Cet automne, les comédies musicales font un retour remarqué au cinéma avec deux films significatifs : « Emilia Pérez » de Jacques Audiard, choisi pour porter les couleurs de la France aux Oscars, et « Joker 2 » dont la bande sonore est signée par Lady Gaga. Après avoir été délaissée pendant un certain temps, la comédie musicale semble revivre une nouvelle jeunesse. Est-ce le prélude à une véritable renaissance pour ce genre cinématographique anciennement démodé ?
Joker: Folie à deux est-il véritablement une comédie musicale ? « Je n’irais pas jusqu’à dire que c’en est une typique, » a clarifié Lady Gaga, experte en films musicaux, lors du Festival de Venise. Cette icône de la pop, déjà bien établie sur scène, s’est fait connaître au cinéma grâce au film A Star is Born de Bradley Cooper, sorti en 2018, où elle jouait une chanteuse en herbe.

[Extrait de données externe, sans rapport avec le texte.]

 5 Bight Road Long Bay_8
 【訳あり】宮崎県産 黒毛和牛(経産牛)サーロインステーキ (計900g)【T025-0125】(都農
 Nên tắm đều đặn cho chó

Dans cette nouvelle aventure du Joker, la musique joue un rôle central dans la relation entre son personnage et l’anti-héros interprété par Joaquin Phoenix. « Nous nous servons de la musique pour donner aux personnages une manière d’exprimer leurs sentiments, car le dialogue seul ne suffit pas, » a-t-elle expliqué.
Quand Lady Gaga réapprend à chanter
Néanmoins, contrairement aux standards du genre, ce film privilégie une approche plus authentique : les morceaux ont été performés en direct durant le tournage, et Lady Gaga a confié qu’elle avait dû « réapprendre à chanter, à oublier comment respirer ». L’objectif était d’incarner cette imperfection à l’écran.

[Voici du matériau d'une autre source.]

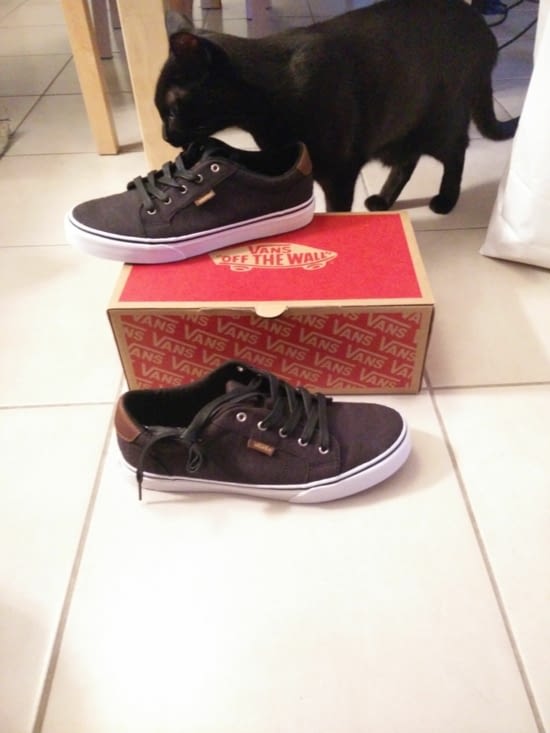 Nouvelles baskets (bis)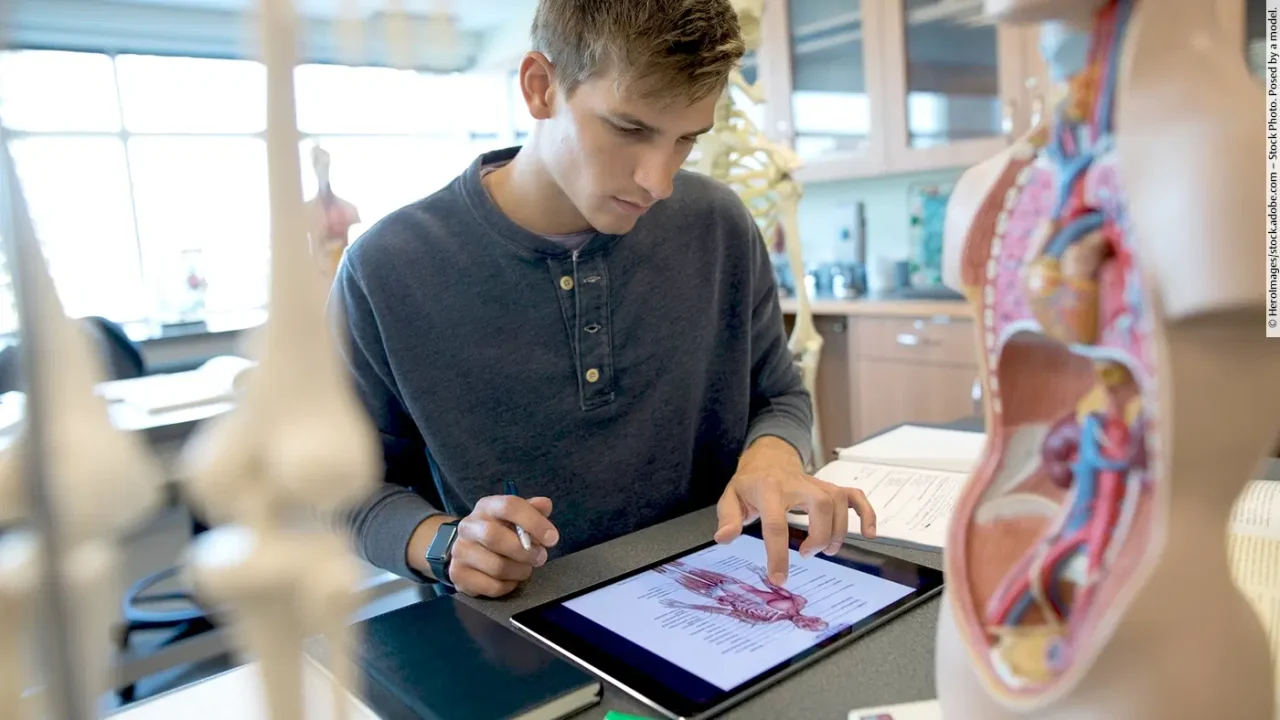 Homem jovem estudando anatomia por tablet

De même, le réalisateur Jacques Audiard détourne les codes de la comédie musicale dans son film Emilia Pérez, rythmé par du reggaeton et des chorégraphies dignes de clips. Ce film représentera la France aux Oscars le 2 mars 2025.
Comédie musicale ou opéra ?
Le film, qui raconte la transformation d’un baron de la drogue mexicain en femme, a été couronné du Prix du jury à Cannes et a valu à ses trois actrices principales—Zoe Saldaña, la pop star Selena Gomez et l’actrice transgenre Karla Sofía Gascón—un prix d’interprétation collectif.

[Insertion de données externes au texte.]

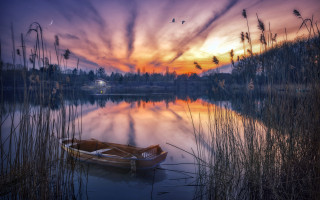 Sunset boat water birds sky - overhead free wallpaper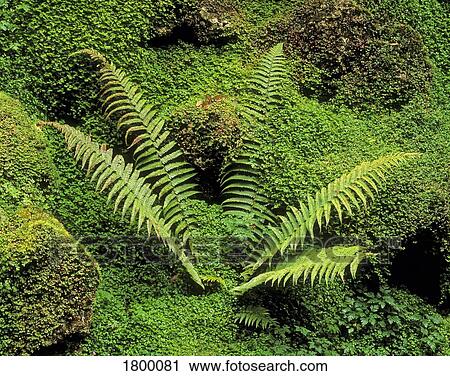 Fern and Moss in a Japanese Garden, Powerscourt Gardens, County Wicklow, Ireland View Large Photo Image Stock Image - Fern and Moss in a Japanese Garden, Powerscourt Gardens, County Wicklow, Ireland. Fotosearch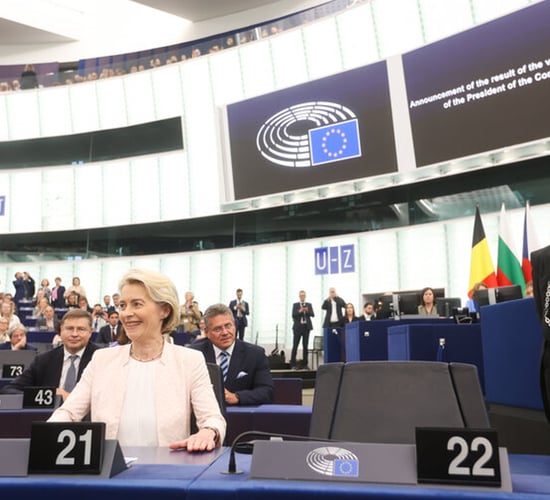Thomas Duffy: What will the next EU Parliament mean for farmers?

Jacques Audiard a admis qu’il ne savait pas s’il réalisait une comédie musicale ou un opéra lorsqu’il écrivait le scénario. « Nous avons voulu éviter les codes traditionnels de la comédie musicale, » a ajouté le chorégraphe Damien Jalet.
Un genre parfois perçu comme démodé
Hollywood continue de produire régulièrement des films musicaux, avec des succès variables au box-office : de Mamma Mia ! à La La Land, en passant par l’échec financier du remake de West Side Story par Steven Spielberg en 2021.
Produire un film musical coûte cher en temps et en argent. « Il y a beaucoup d’enregistrements, de réenregistrements, et de playbacks. De nombreuses chansons sont finalement écartées, » expliquait Jacques Audiard.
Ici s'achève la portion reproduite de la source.